During the first half of the European session, the price of gold (XAU/USD) maintained its robust intraday gains, hovering around the $2,257-$2,258 region. This positioning is just below the record peak reached earlier this week. The release of the US Personal Consumption Expenditures (PCE) Price Index on Friday, indicating a moderate rise in inflation, has reaffirmed expectations that the Federal Reserve (Fed) will commence interest rate cuts starting in June. This, coupled with ongoing geopolitical risks stemming from the prolonged Russia-Ukraine conflict and recent tensions in the Middle East, continues to fuel demand for the non-yielding yellow metal.
Despite this bullish sentiment, there has been a brief pause in buying activity due to the prevailing risk-on environment and some dip-buying in the US Dollar (USD). Such movements tend to undermine the appeal of safe-haven assets like gold, thus limiting further upward momentum. Additionally, extremely overbought conditions observed on the daily chart contribute to the consolidation in gold prices.

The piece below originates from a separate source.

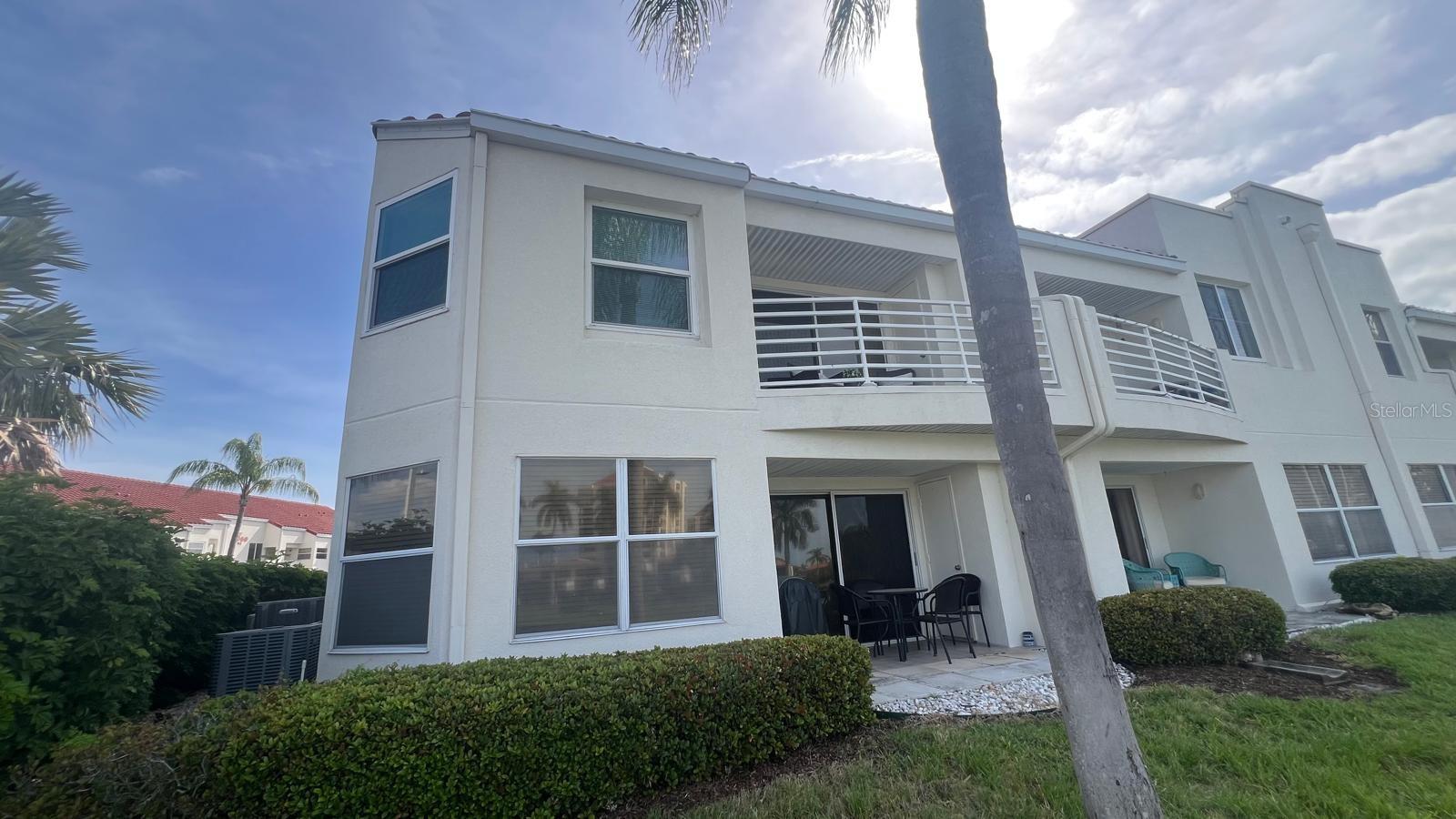 Image 32 of 43 For 6047 Bahia Del Mar Boulevard 266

Nevertheless, the fundamental backdrop suggests that the path of least resistance for XAU/USD remains tilted to the upside. Consequently, any corrective declines may be viewed as buying opportunities by traders. Market participants are now awaiting the release of the US ISM Manufacturing Purchasing Managers’ Index (PMI) for short-term direction.
As geopolitical tensions persist and expectations of Fed rate cuts linger, investors are likely to closely monitor economic indicators and central bank policies for cues on gold’s future trajectory. Amidst these uncertainties, gold’s status as a safe-haven asset is expected to keep it firmly supported, with any pullbacks viewed as opportunities for strategic entry into the market.